Wednesday, August 17, 2016

Asparagus Crab Meat Soup

I started learning how to cook from my mother when we still owned a restaurant in Chicago. Most of us also learned cooking from famous chefs or from cookbooks. However, I try to create easy, healthy recipes for my family, and I hope that busy women out there will try to make a good meal for their families. Today’s recipe is for another good healthy soup that is popular in Chinese restaurants or takeouts. I use the dashi stock to make this soup much tastier and healthier. The dashi stock is very easy to make, but the dashi powder is also good too and saves time for busy cooks. I will now repeat how to make the dashi stock making it even easier for the reader to follow. Here it is.

Ingredients:
Dashi stock ingredients:
One 4” x 4” piece kelp or kombu
1 oz. bonito flakes or a handful of anchovies
5 cups water

Directions:
In a saucepan, soak the kombu in water for 1 hour.
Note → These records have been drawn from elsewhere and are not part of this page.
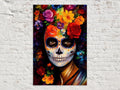 Sugar Skull Woman Floral Digital Art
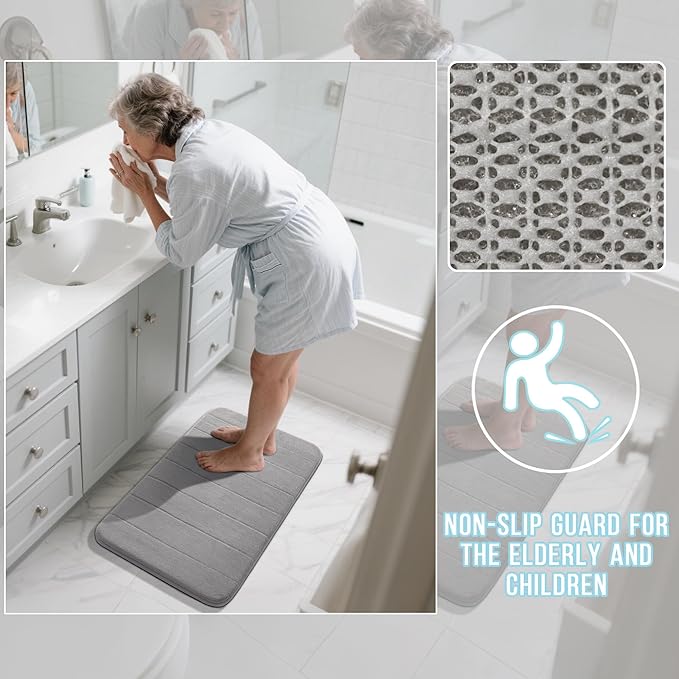 Yimobra Bathroom Runner 55"x24", Non Slip Memory Foam Bath Mat, Super Soft Water Absorbent Hallway Carpet, Machine Washable Rug for Vanity Tub Shower, Gray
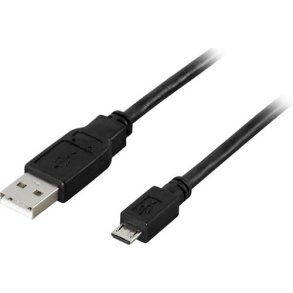 Opladerkabel, Micro USB han til USB-A han, 2m, sort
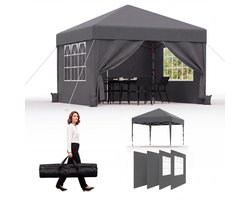 Partytent-Opvouwbaar Tuinpaviljoen 3x3 m met Zijwanden–30 seconden pop-up opzet-Waterdicht & UV-bestendig–opbergtas–Grijs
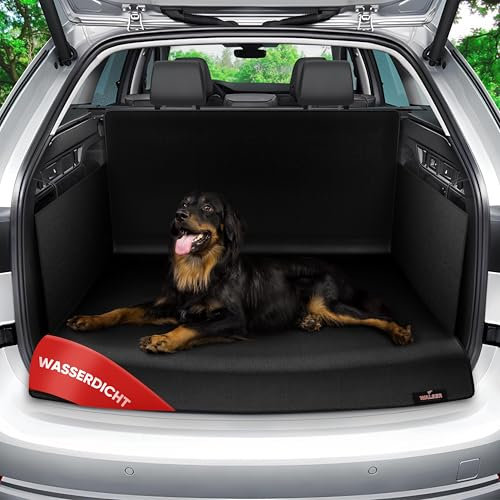 WALSER Kofferraumdecke Cäsar, Kofferraummatte mit Seitenschutz, Universeller Kofferraumschutz Hund, Auto-Hundedecke, Wasserabweisende Kofferraummatte, Schwarz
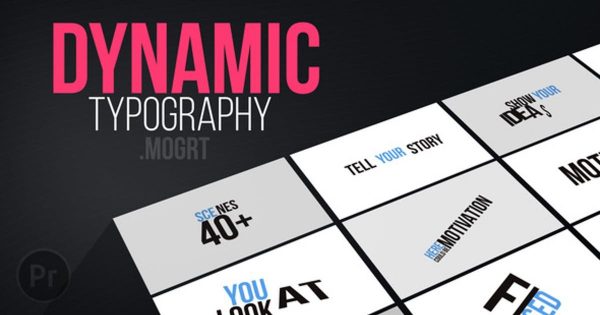 40种视频动态字幕16图库精选PR模板 Dynamic Typography | Mogrt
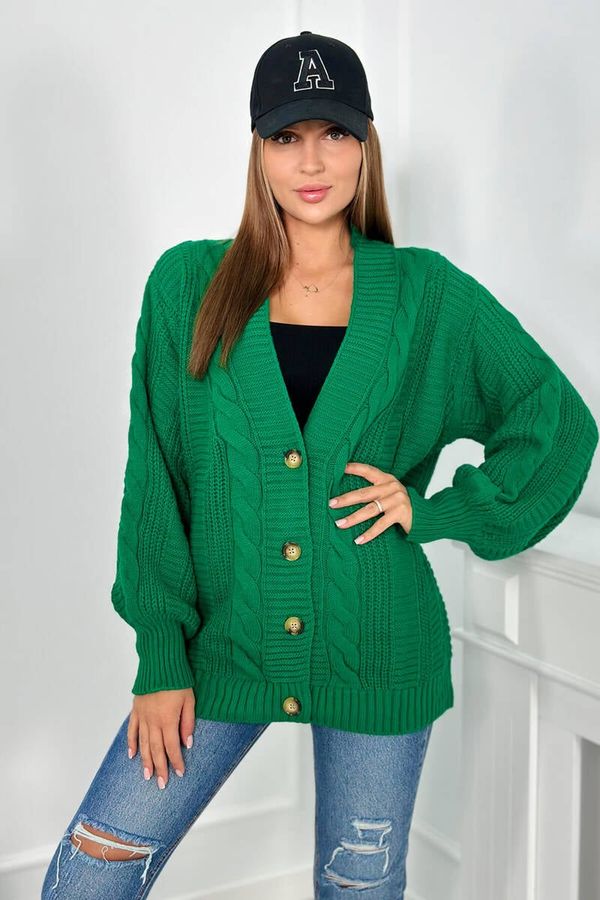 Kesi Buttoned sweater with puff sleeves green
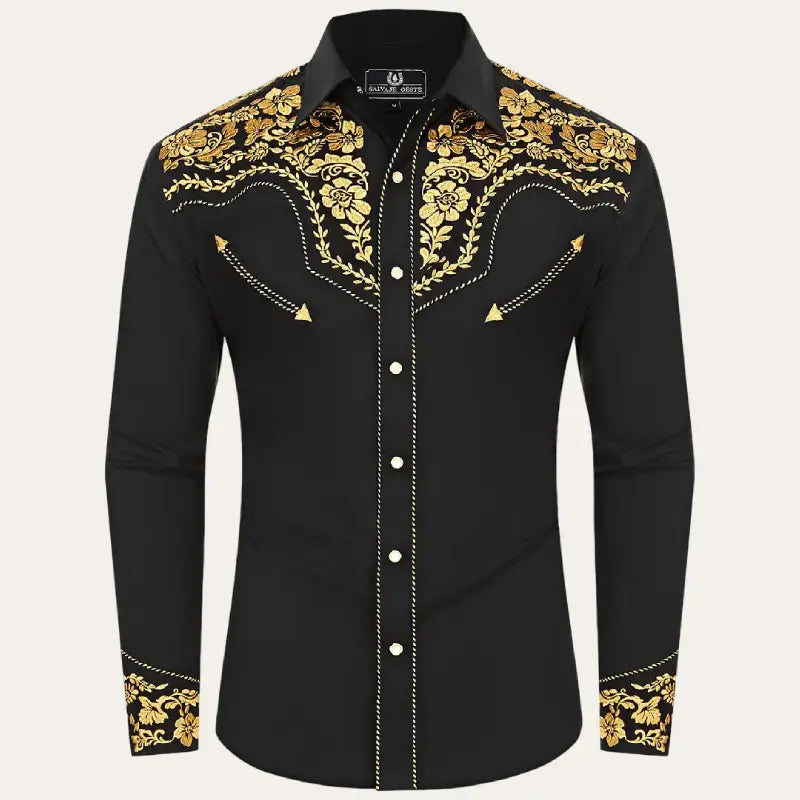 Men's Embroidered Western Shirt – Cowboy Shirt with Snap Buttons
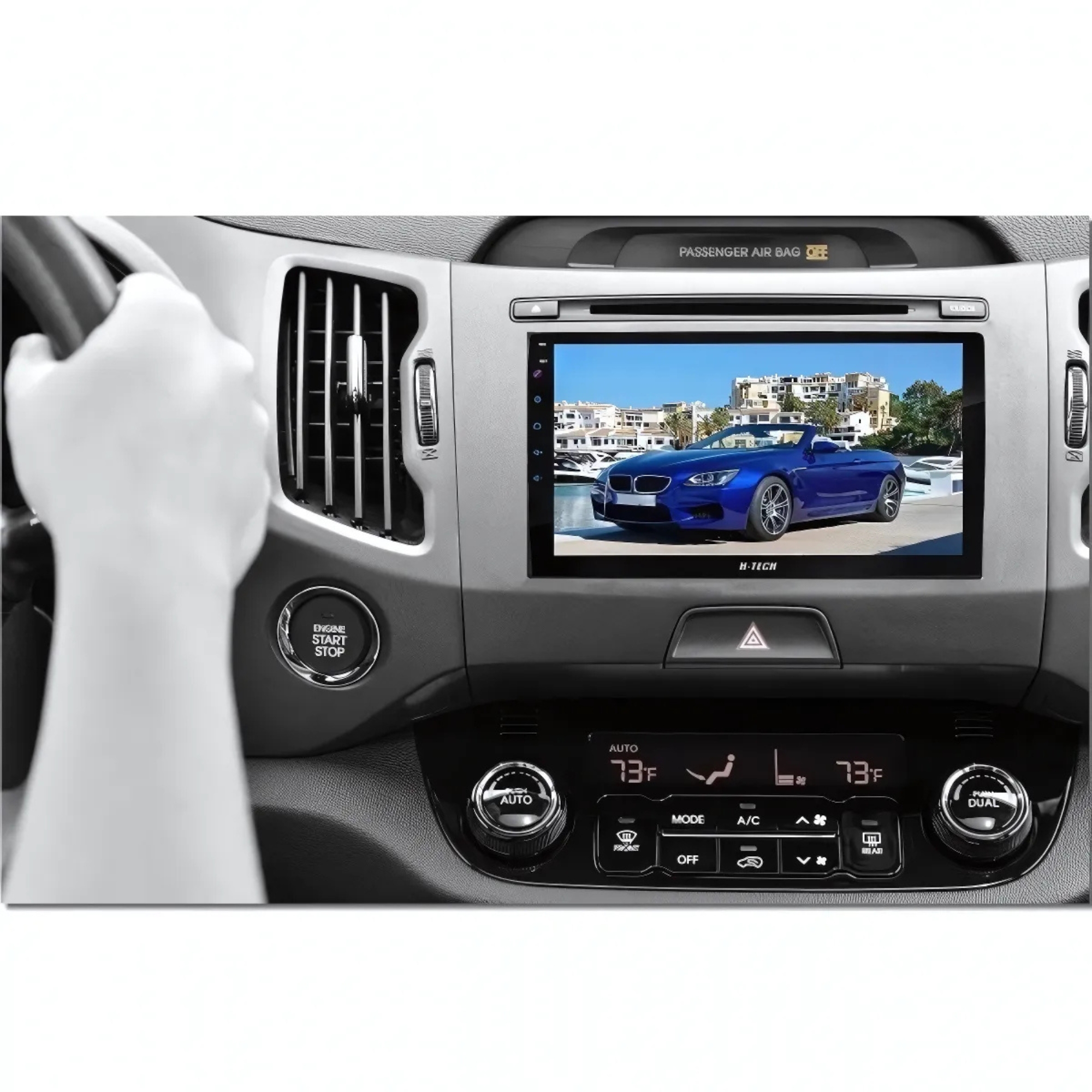 Central Multimídia MP5 1 Din 9 Pol com Espelhamento BT USB Full Touch H-Tech - HT-9001G4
Turn the heat to moderate heat and cook over low heat to allow more time for its flavor to infuse the water. Remove the kelp or kombu when the water starts to bubble. Add the bonito flakes and turn the heat up until gently boiling. Turn off the heat. Let the bonito flakes settle to the bottom and drain the dashi stock. If using anchovies, soak the anchovies at the same time as the kombu and slowly boil the stock.
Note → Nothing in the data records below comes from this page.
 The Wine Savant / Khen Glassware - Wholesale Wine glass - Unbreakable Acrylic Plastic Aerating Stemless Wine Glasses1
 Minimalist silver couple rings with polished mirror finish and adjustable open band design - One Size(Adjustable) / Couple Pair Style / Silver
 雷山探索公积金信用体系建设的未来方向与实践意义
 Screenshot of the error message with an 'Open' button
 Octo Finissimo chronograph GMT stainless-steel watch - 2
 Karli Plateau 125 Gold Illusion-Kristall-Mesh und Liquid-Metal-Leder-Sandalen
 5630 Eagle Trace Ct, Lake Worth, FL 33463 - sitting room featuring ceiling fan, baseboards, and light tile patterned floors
Ingredients for Crab soup:
2 cups crab meat
2 eggs
1/2 lbs fresh asparagus
Stock ingredients:
5 cups of all dashi stock above
1 tbs soy sauce
1/2 tsp salt
1/4 tsp black pepper
1 tbs dry sherry
1 tsp fresh chopped ginger
1 cup green onions and cilantro
4 tbs cornstarch added with 5 tbs water

Directions:
Slice asparagus and set aside.

Break eggs and set aside.
Heat 2 tbs oil in saucepan and stir-fry fresh ginger until fragrant. Stir in crab meat and cook for 2 minutes.




 Add the stock and bring to boil. Add asparagus. Bring back to boil.

Season with soy sauce, dry sherry, salt, and pepper. Stir gently the broken eggs into a thin stream. Stir in the cornstarch mixture and boil gently.

 Ladle soup into a serving bowl and sprinkle with green onions and cilantro.